## DATA SHOWN

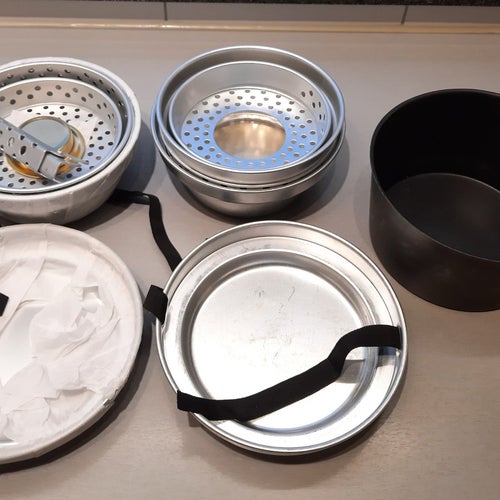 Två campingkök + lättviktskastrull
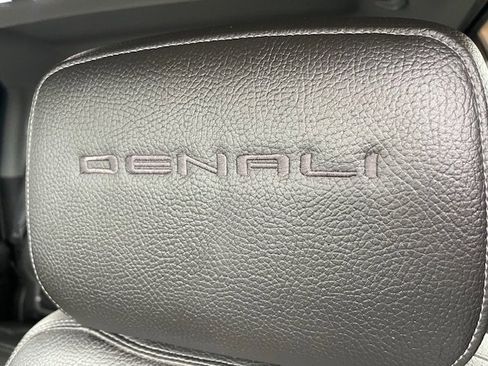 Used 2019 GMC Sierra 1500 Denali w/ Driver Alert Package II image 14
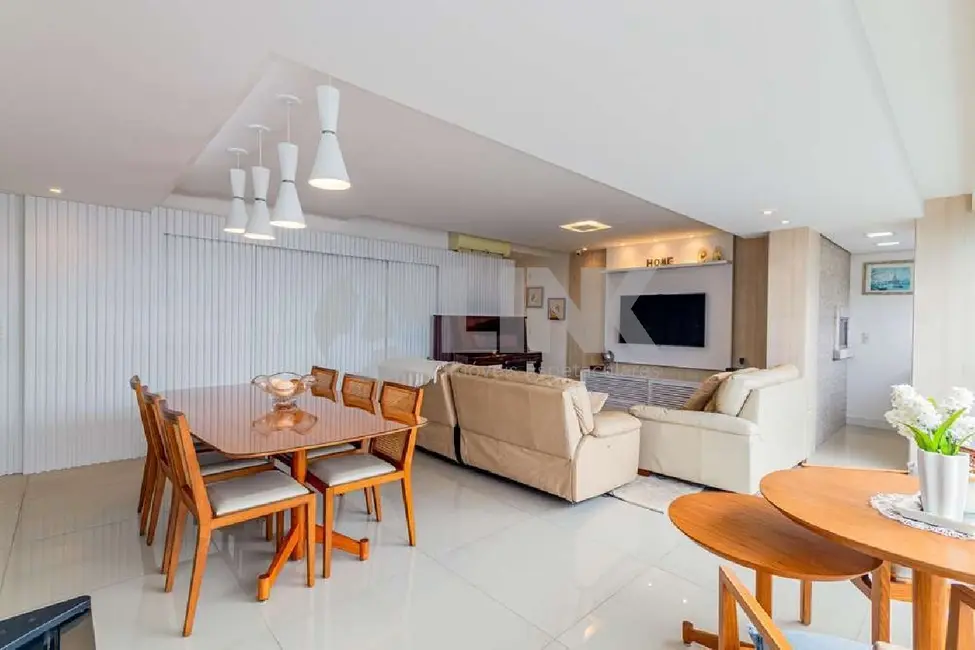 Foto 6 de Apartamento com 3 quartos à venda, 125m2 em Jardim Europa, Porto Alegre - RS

## DIRECTIONS FOR THIS TASK
What the answer needs is every line from the one containing "Used 2019 GMC" through the final line of the data above, copied exactly, without pictures.

## RESPONSE
 Used 2019 GMC Sierra 1500 Denali w/ Driver Alert Package II image 14
 Foto 6 de Apartamento com 3 quartos à venda, 125m2 em Jardim Europa, Porto Alegre - RS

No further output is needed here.